Sarah Newcombe, Cheadle and Marple sixth form college

4th November 2005, 12:00am
Nursery assistant Sarah Newcombe has good reason for not picking up babies:

“I’d be scared I would drop them.” But that is the only restriction she has encountered in her past five determined years working towards a career in childcare despite the hemiplegia which has affected the left side of her body since birth.

After her GCSEs, Sarah, 21, went to Cheadle and Marple sixth form college to take foundation and then intermediate GNVQs in health and social care, before starting an NVQ in childcare.
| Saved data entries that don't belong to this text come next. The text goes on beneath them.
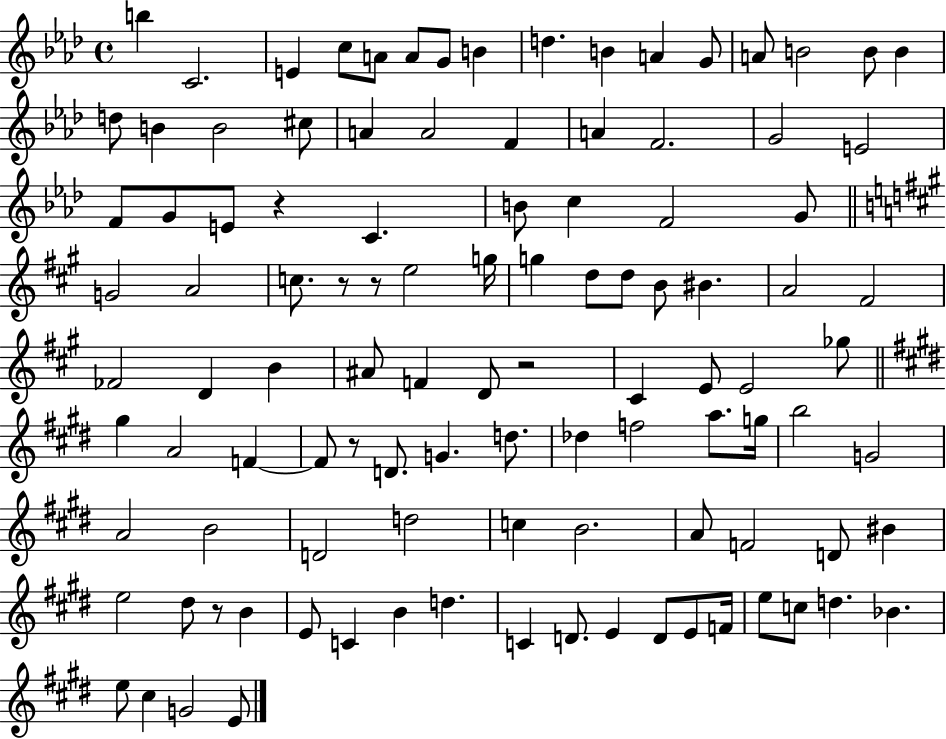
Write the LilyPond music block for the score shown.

{
  \clef treble
  \time 4/4
  \defaultTimeSignature
  \key aes \major
  \repeat volta 2 { b''4 c'2. | e'4 c''8 a'8 a'8 g'8 b'4 | d''4. b'4 a'4 g'8 | a'8 b'2 b'8 b'4 | \break d''8 b'4 b'2 cis''8 | a'4 a'2 f'4 | a'4 f'2. | g'2 e'2 | \break f'8 g'8 e'8 r4 c'4. | b'8 c''4 f'2 g'8 | \bar "||" \break \key a \major g'2 a'2 | c''8. r8 r8 e''2 g''16 | g''4 d''8 d''8 b'8 bis'4. | a'2 fis'2 | \break fes'2 d'4 b'4 | ais'8 f'4 d'8 r2 | cis'4 e'8 e'2 ges''8 | \bar "||" \break \key e \major gis''4 a'2 f'4~~ | f'8 r8 d'8. g'4. d''8. | des''4 f''2 a''8. g''16 | b''2 g'2 | \break a'2 b'2 | d'2 d''2 | c''4 b'2. | a'8 f'2 d'8 bis'4 | \break e''2 dis''8 r8 b'4 | e'8 c'4 b'4 d''4. | c'4 d'8. e'4 d'8 e'8 f'16 | e''8 c''8 d''4. bes'4. | \break e''8 cis''4 g'2 e'8 | } \bar "|."
}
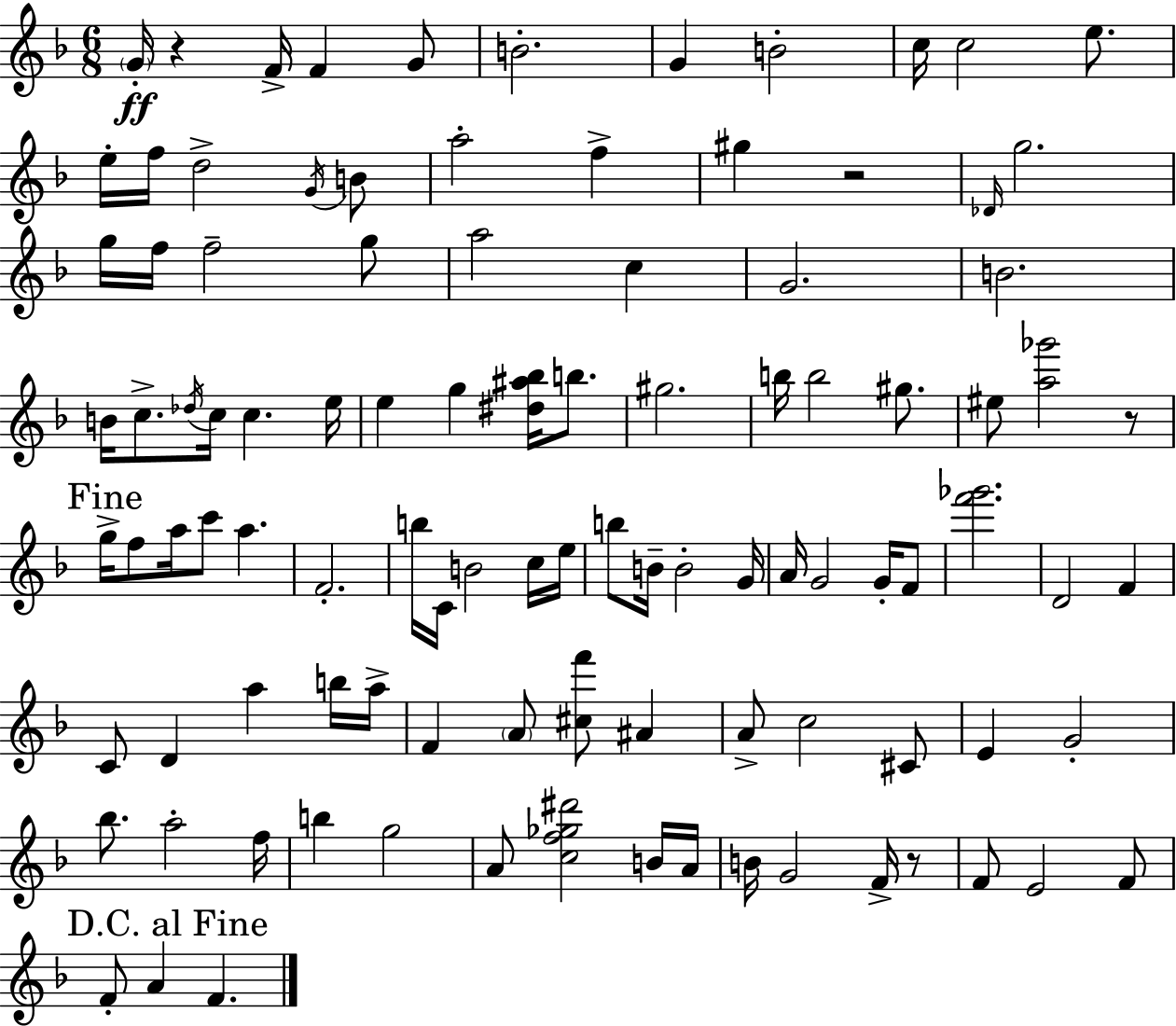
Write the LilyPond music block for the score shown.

{
  \clef treble
  \numericTimeSignature
  \time 6/8
  \key d \minor
  \parenthesize g'16-.\ff r4 f'16-> f'4 g'8 | b'2.-. | g'4 b'2-. | c''16 c''2 e''8. | \break e''16-. f''16 d''2-> \acciaccatura { g'16 } b'8 | a''2-. f''4-> | gis''4 r2 | \grace { des'16 } g''2. | \break g''16 f''16 f''2-- | g''8 a''2 c''4 | g'2. | b'2. | \break b'16 c''8.-> \acciaccatura { des''16 } c''16 c''4. | e''16 e''4 g''4 <dis'' ais'' bes''>16 | b''8. gis''2. | b''16 b''2 | \break gis''8. eis''8 <a'' ges'''>2 | r8 \mark "Fine" g''16-> f''8 a''16 c'''8 a''4. | f'2.-. | b''16 c'16 b'2 | \break c''16 e''16 b''8 b'16-- b'2-. | g'16 a'16 g'2 | g'16-. f'8 <f''' ges'''>2. | d'2 f'4 | \break c'8 d'4 a''4 | b''16 a''16-> f'4 \parenthesize a'8 <cis'' f'''>8 ais'4 | a'8-> c''2 | cis'8 e'4 g'2-. | \break bes''8. a''2-. | f''16 b''4 g''2 | a'8 <c'' f'' ges'' dis'''>2 | b'16 a'16 b'16 g'2 | \break f'16-> r8 f'8 e'2 | f'8 \mark "D.C. al Fine" f'8-. a'4 f'4. | \bar "|."
}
Although her right side is unaffected and she walks with a limp, depending on one side of her body makes her tired. She can’t lift heavy objects.
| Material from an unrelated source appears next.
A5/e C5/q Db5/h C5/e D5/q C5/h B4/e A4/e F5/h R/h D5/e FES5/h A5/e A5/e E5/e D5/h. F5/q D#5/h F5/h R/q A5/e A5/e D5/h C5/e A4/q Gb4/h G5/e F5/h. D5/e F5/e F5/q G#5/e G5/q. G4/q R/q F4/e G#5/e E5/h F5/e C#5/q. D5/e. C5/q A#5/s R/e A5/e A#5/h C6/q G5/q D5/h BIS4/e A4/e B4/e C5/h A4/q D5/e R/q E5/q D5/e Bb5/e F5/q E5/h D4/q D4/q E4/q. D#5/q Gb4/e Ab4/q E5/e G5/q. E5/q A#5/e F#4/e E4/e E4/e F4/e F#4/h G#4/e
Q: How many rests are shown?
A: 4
At first it was a challenge to convince herself and others that she could cope with a nursery job, she says, but at the end of a work placement 16 hours a week working with two and three-year-olds in All Saints nursery, Marple, she was offered a permanent post. Since then she has won a young apprentice of the year award, and taken over responsibility for the nursery’s ICT.

“It’s nice to work with the children individually, to see their different personalities,” she says. “There’s nothing I don’t like about my job.”

“Sarah has a gentle approach which the children respond to,” says Pat Atkinson, nursery manager. “That she has a disability is secondary to the fact that she’s such an asset to our team.”